As predicted, progress was made in the fields both in the corn that was already planted and in the soybean fields that hadn’t been. Four days without precipitation from the 16th through the 19th allowed many who had soybeans left to plant to get the job done. Corn emerged rapidly last week and one could row many fields from the road last Friday. Herbicide applications were made possible during this same timeframe and the ensuing rainfall should be beneficial to the efficacy of those herbicides. Rainfall at the ranch pushed close to 2 inches from Friday through Sunday and fortunately it came in about four different rainfall events, so washing was minimized. We are behind on GDUs, however, so it’s going to take a warmer trend to get us close to average in that department. Some are comparing this year to 2009 and while it may just be, seldom are any two years exactly alike.
Gardening has been slow as well.

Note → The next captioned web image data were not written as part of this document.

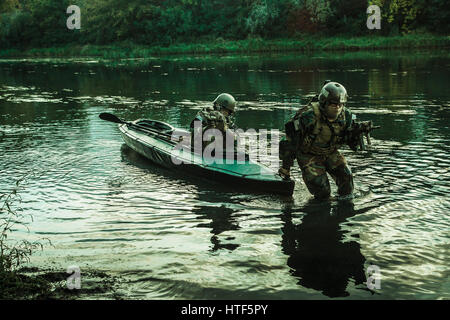 L'atterrissage clandestines. Paire d'opérateurs armés avec des visages peints de débarquement de la côte de la rivière kayak militaire . Mission de diversion sous le couvert de l'obscurité Banque D'Images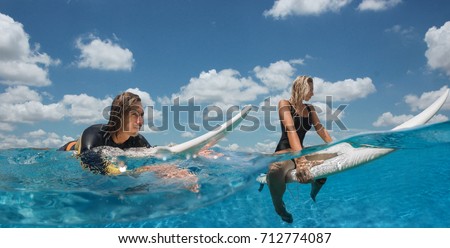 Couple swimming with surf and relax in ocean
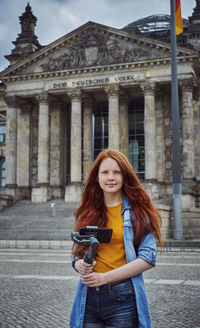 Portrait of smiling young woman standing on mobile phone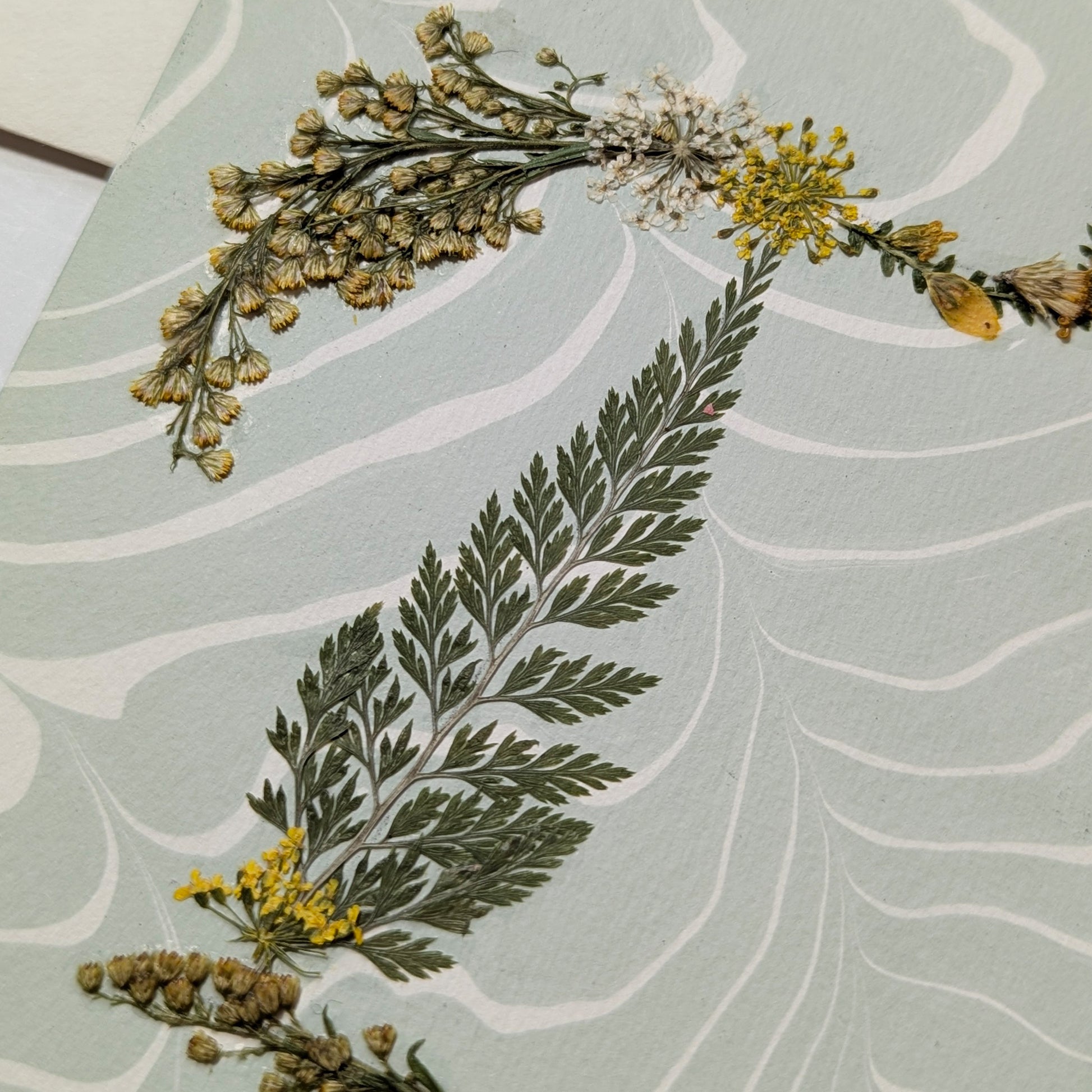 Pressed flower “T” initial notecard with yellow and white wildflowers on blue marbled Suminagashi paper, handcrafted on Fabriano cardstock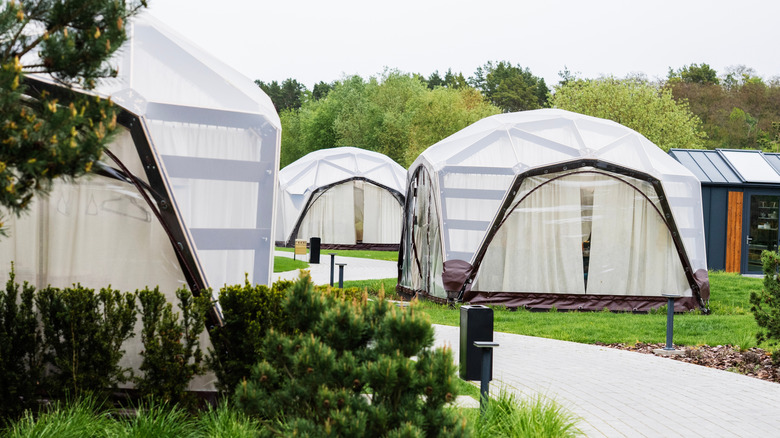 A series of geodesic dome tents, set up along a paved trail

More than one farmer has indicated that while the crop is in the ground, on farms where drainage is limited or snow sat for lengthy periods of time this spring, it still didn’t work up perfect. Ditto in the garden at the ranch. The garden here is situated in an area that catches a lot of snow. Drainage on most of the plot is decent in the area that is Clarion soil. The Webster soil lobe that extends along one side is a different animal and it’s been difficult to get it to dry out, let alone make a decent seedbed. Fortunately, many of the transplants will be headed into that area and once they spread out, the ground will get its tilth back. Amazing how vine crops will do that. In spite of all the wet weather, we did manage to get some Indian corn planted along with some later sweet corn. Trouble looming on the horizon, however, judging by the numerous little flies detected, otherwise known as seed corn maggots. The seed is treated with one of the neonicotinoid insecticides, but it will have a challenge. Tilling a lot of green material into the soil, in this case annual bluegrass, is a magnet for insects such as these. Will it work? We shall see.

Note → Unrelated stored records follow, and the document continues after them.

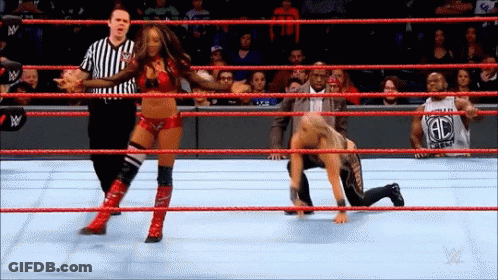A Woman Is Wrestling A Man In A Wrestling Ring While A Referee Looks On . GIF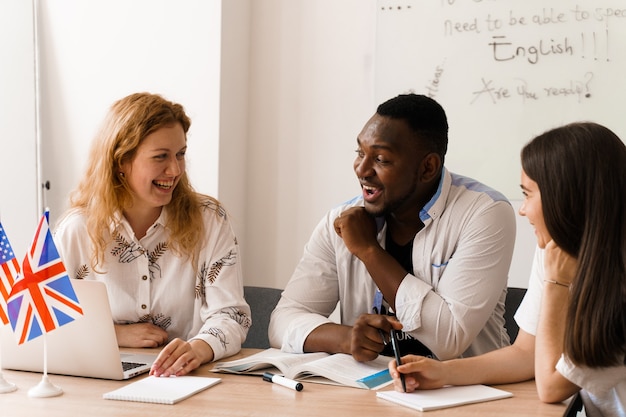 Photo online multiethnic attractive group of teachers study and laught, discuss something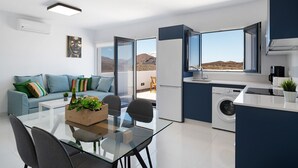 Un appartement moderne comprenant un coin repas, une cuisine et un balcon avec vue sur les montagnes.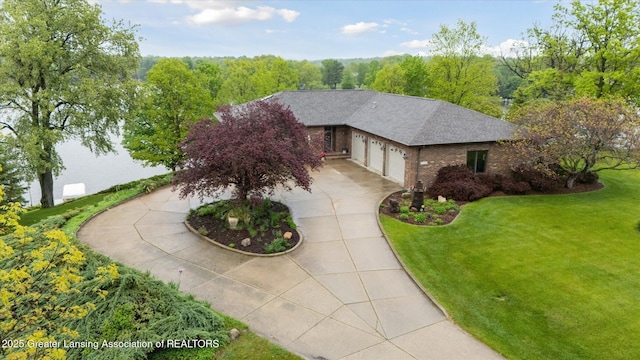 10949 Lakeside Dr, Perrinton, MI 48871 - view of front facade featuring brick siding, concrete driveway, a front yard, a garage, and a shingled roof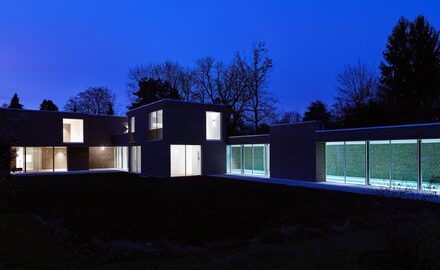 Slim sliding glass doors to luxury glazed new build home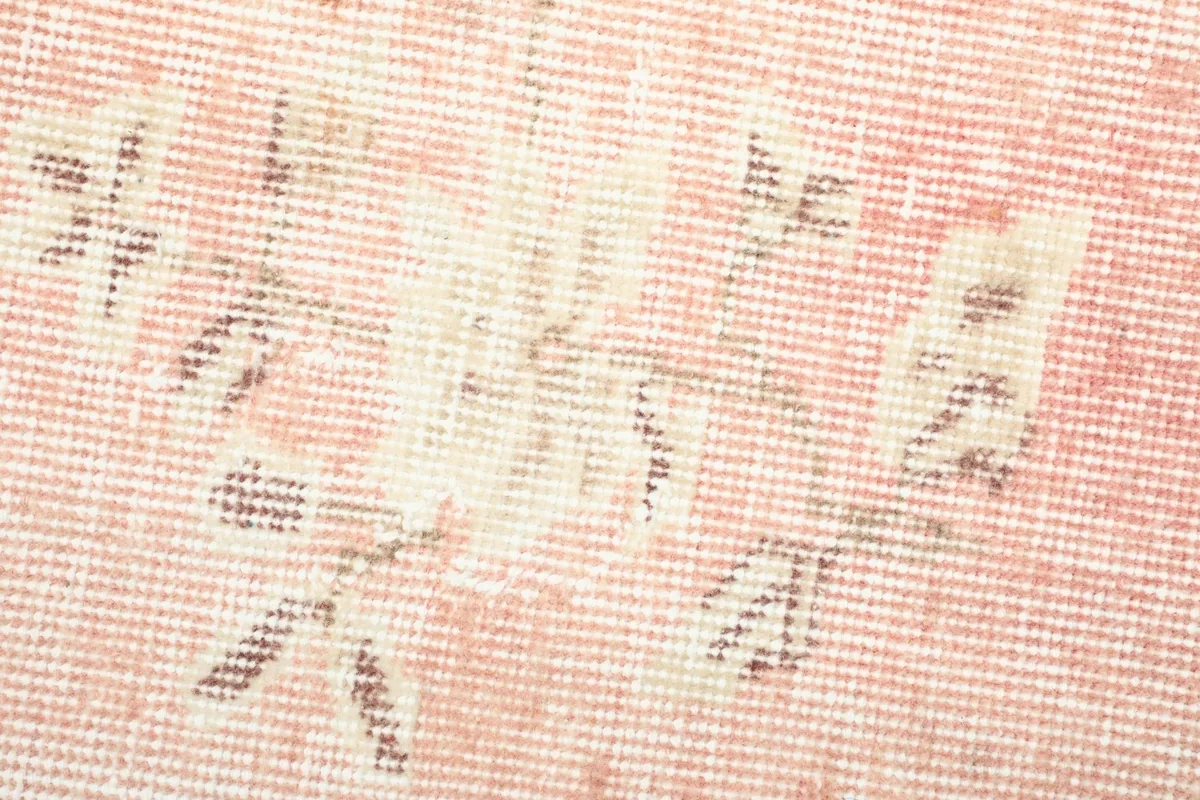 Close-up of a floral motif, revealing the hand-knotted wool texture and color variations.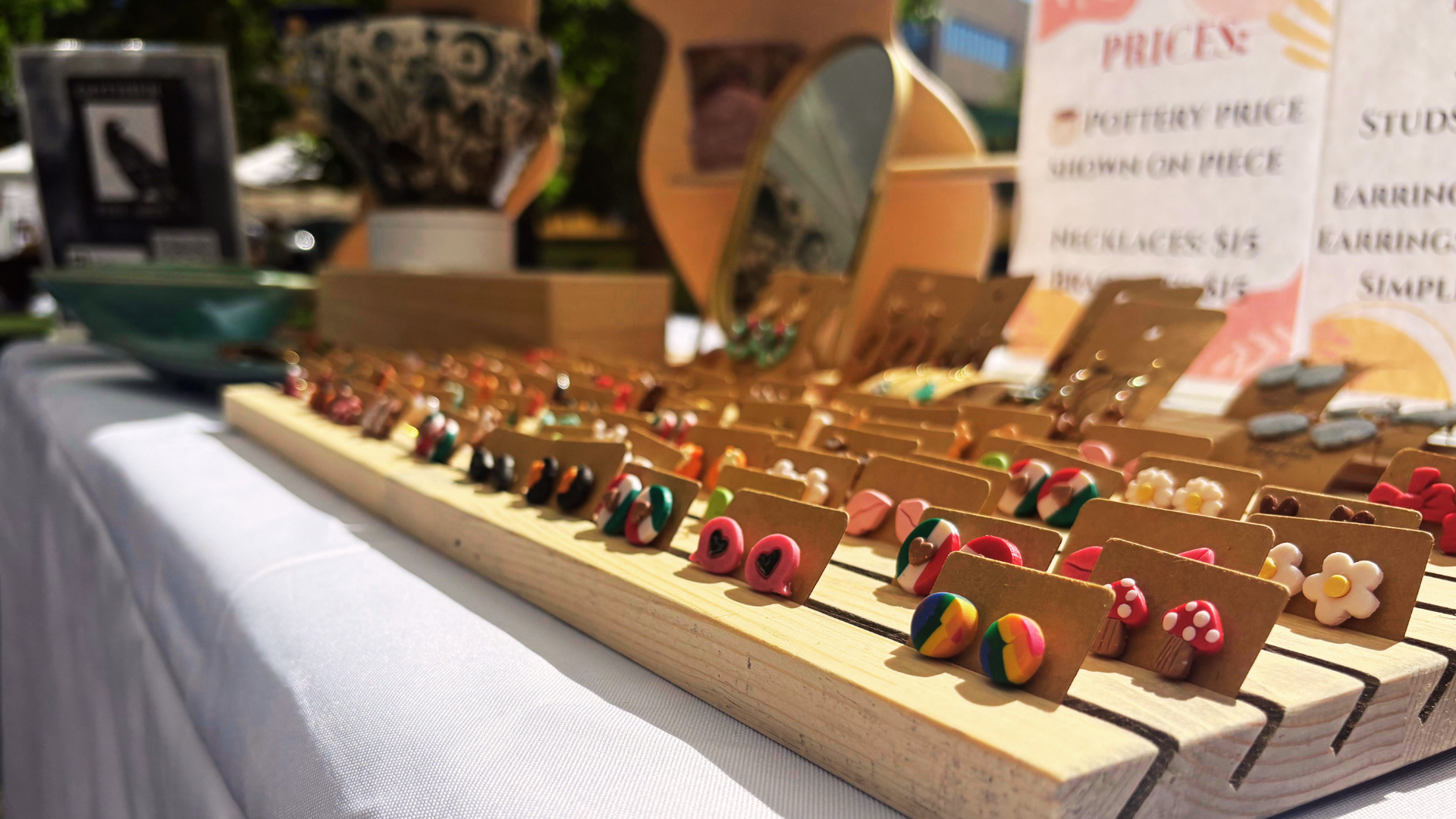 Close up of handmade stud earring display in wood container at the Greeley Arts Picnic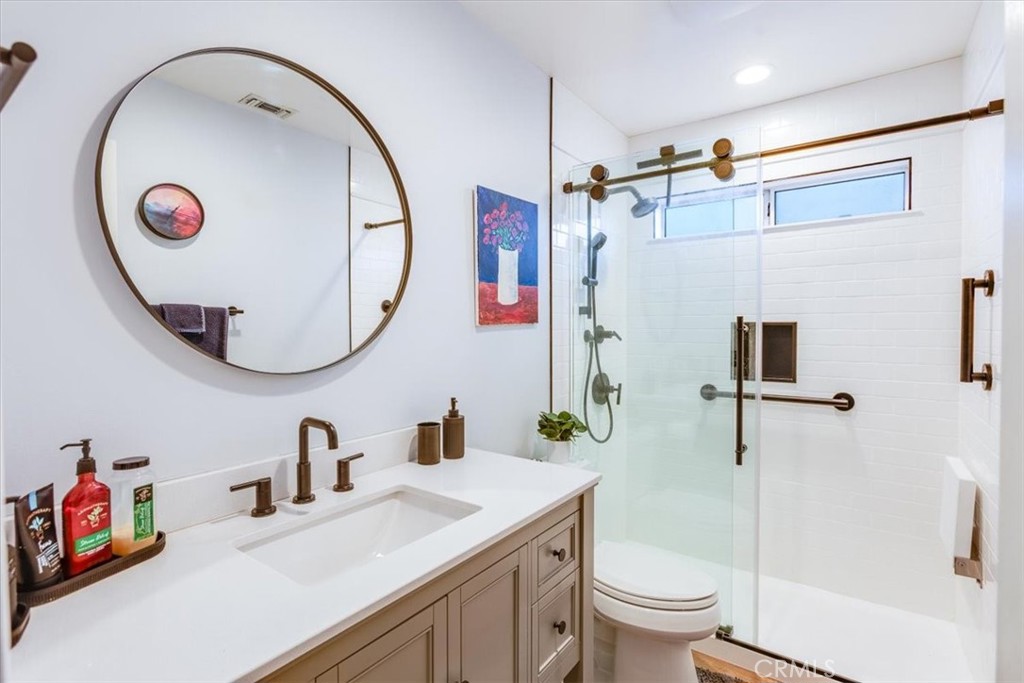 9541 Mandeville Road Santee, CA 92071 - Photo 23 of 46 a bathroom with a sink and a mirror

Lawn mowing has taken center stage around the rain showers. It’s been a catch as catch can affair and one can work from 7 until 11 to get it done. It takes a couple hours to dry off sufficiently and when it does the roar of mowers can be heard across the landscape. At the ranch, one has to consider where on that landscape it is safe to mow. After Saturday forenoon’s downpour, I decide it had dried enough to attempt mowing the high ground. Looking down into the road cut, there was water running across the bottom of the ditch. Rather than risking winding up in St. Olaf Lake, I opted to avoid the rushing torrent for the time being. If matters got out of hand down there I figured one could always get out the boat and weedeater.

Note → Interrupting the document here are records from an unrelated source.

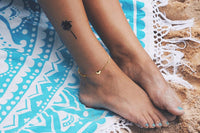 Woman wearing a gold anklet featuring a heart shaped charm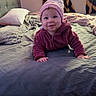 Eliana joined the competition — help win amazing prizes! baby, child, bedroom, bed, blanket, pillow, curtains, window, crawling, smiling, hat, jacket, indoors, cozy, happy, person, furniture, soft_lighting, playful, leopard_print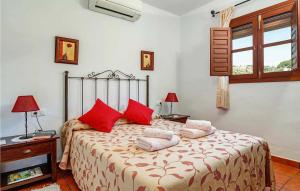 a bedroom with a bed with red pillows on it at Casa La Era in Frigiliana +21 photos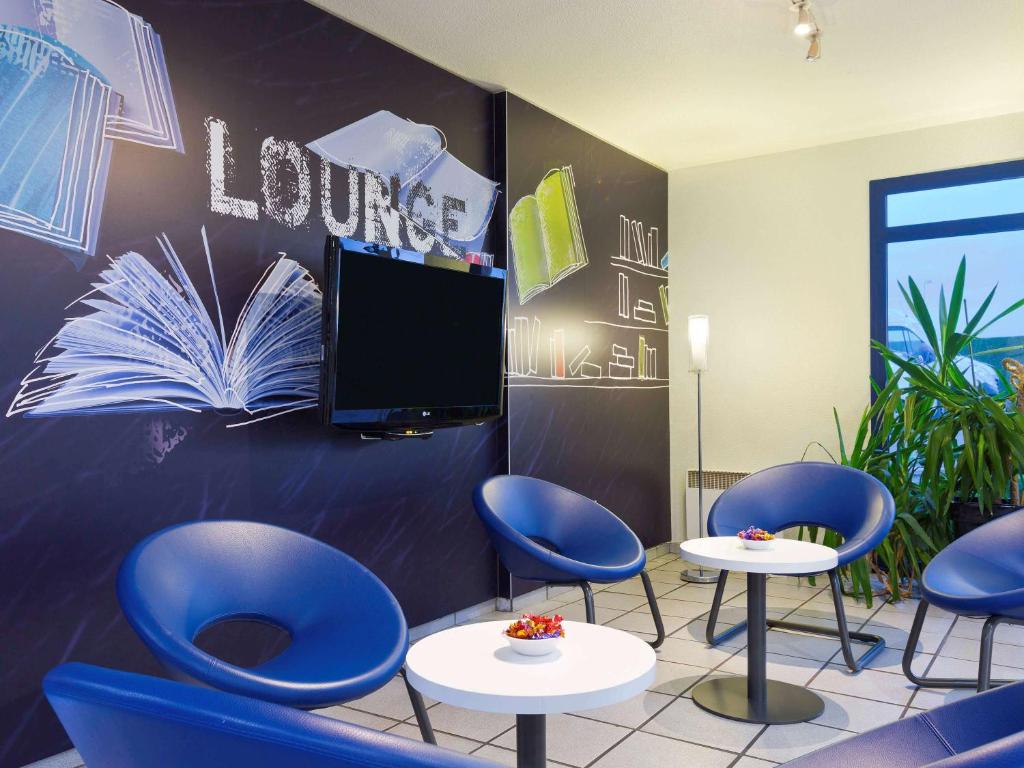 希利马扎兰ibis budget Chilly-Mazarin Les Champarts的一间设有蓝色椅子和平面电视的等候室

The birds slowed down a lot from last week and that’s a good thing. There was simply no way to keep up indefinitely with an oriole invasion such as we had. As it is, there appears to be at least one pair of Baltimore orioles in nest-building mode. It’s also encouraging to see there is a pair of orchard orioles that have both been faithfully enjoying grape jelly and nectar from the feeders. In years past there has been no positive ID of the female. One newcomer to the feeders this week was a lone pine siskin. Not sure exactly why he or she was here, but the familiar little striped body was hard to mistake after the irruption of two winters ago. One other new arrival that stays in is the common yellowthroat. They take up residence in the plum and sumac thicket and their song compliments that of the house wren this time of year splendidly.